‘Pharma Bro’ must pay back $65m in profits for anticompetitive behaviour while leading Turing Pharmaceuticals

Martin Shkreli has been banned from working in the pharmaceutical industry for life. The former chief executive of Turing Pharmaceuticals (now known as Vyera Pharmaceuticals) has also been ordered to pay back almost $65 million (£48 million) in profits, in a competition lawsuit brought by the US Federal Trade Commission (FTC) and seven states.

An image showing Martin Shkreli

Source: © Peter Foley/Bloomberg/Getty Images

Shkreli initially continued to run his business from prison using a contraband mobile phone. He is now banned for life from any involvement in the pharmaceutical industry

In her ruling, US District Court Judge Denise Cote described his behaviour as ‘egregious, deliberate, repetitive, long-running, and ultimately dangerous’. She found he had violated both state and federal laws by engaging in anticompetitive conduct to protect monopoly profits on the drug Daraprim (pyrimethamine), which is used to treat toxoplasmosis. This disease is particularly dangerous for pregnant women and those with impaired immune systems, such as HIV patients.

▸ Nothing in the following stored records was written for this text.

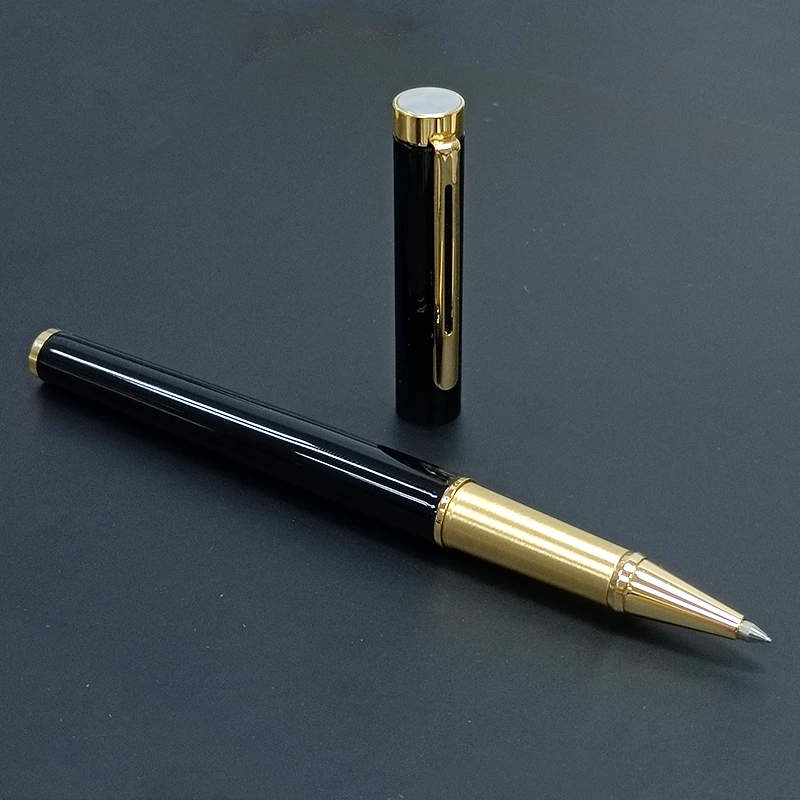 Different Color Lacquering Barrel Slim Shape Roller Pen For Wholesale 1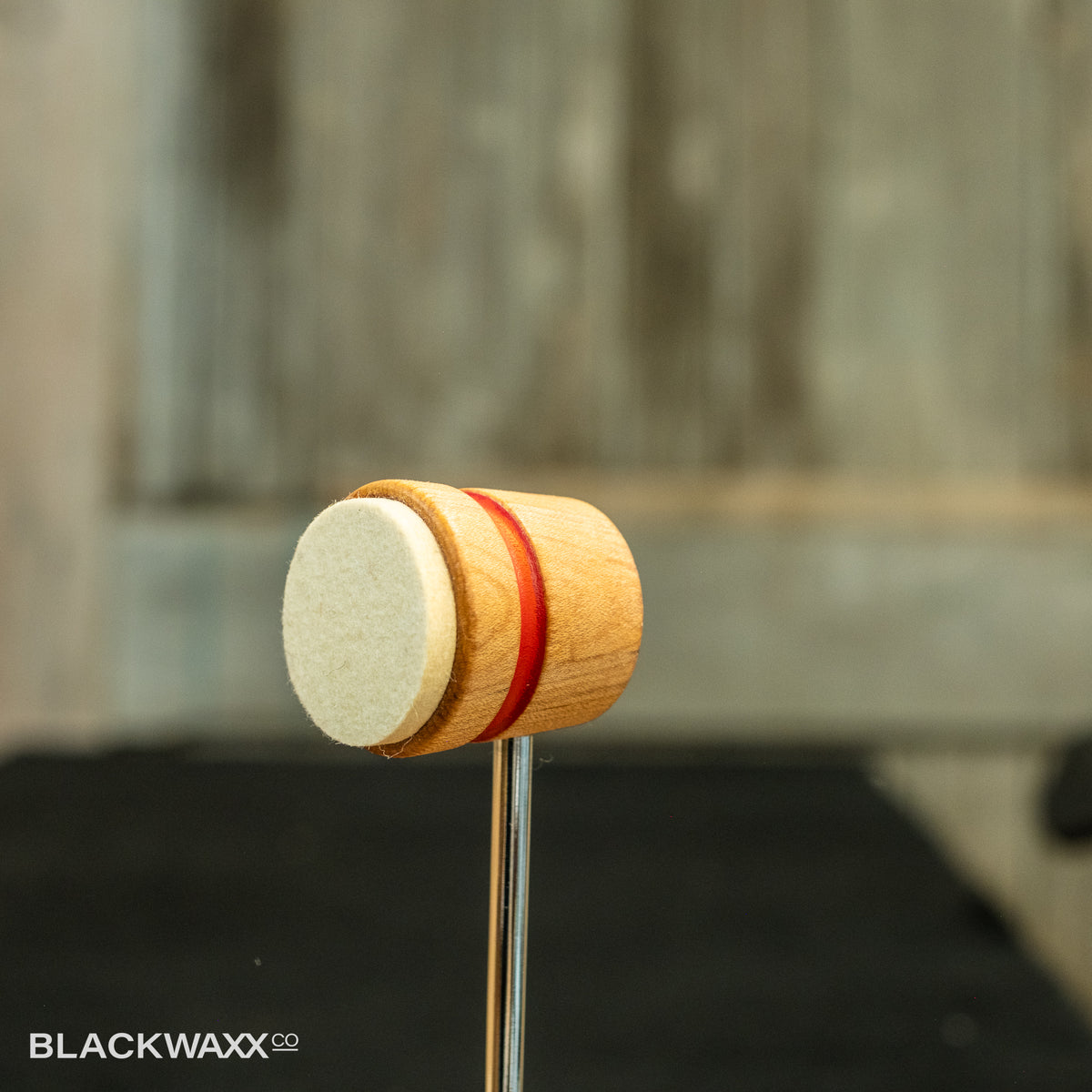 Low Boy - Lightweight Felt Daddy - Natural with Red Stripe
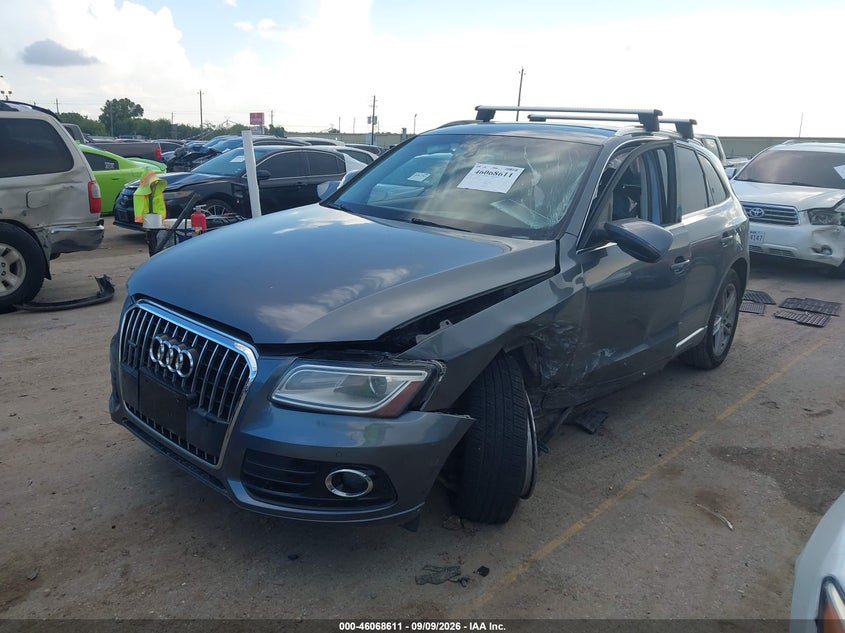 Vin: wa1lfafp7da055741, lot: 46568138, audi q5 2.0t premium 20132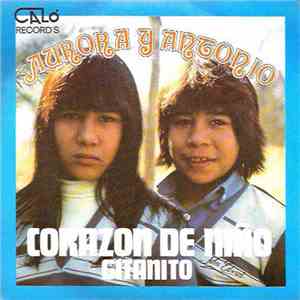 Aurora y Antonio - Corazón De Niño / Gitanito album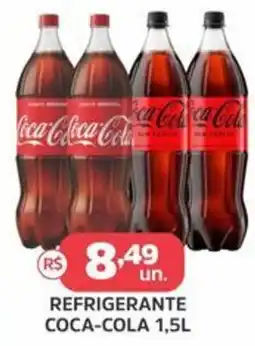 Supermercados Correia Refrigerante coca-cola oferta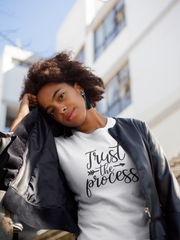 Trust The Process - Cotton T-Shirt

Shkreli’s trial took place in a federal court in Manhattan in December 2021. It described the restrictive distribution and supply agreements, along with data secrecy, that the company had instituted to make it difficult for lower cost competitors to enter the market. Shkreli was found liable on each claim, and banned for life from participating in the pharmaceutical industry in any capacity.

‘Judge Cote’s decision to ban Shkreli for life is a significant victory for American consumers,’ said FTC chair Lina Khan. ‘This precedent-setting relief should be a warning to corporate executives everywhere that they may be held individually responsible for the anticompetitive conduct they direct or control.’

The ruling against Shkreli follows an agreement made in December with Vyera, and its former chief executive Kevin Mulleady. He was banned from the industry for seven years, and the company required to pay up to $40 million.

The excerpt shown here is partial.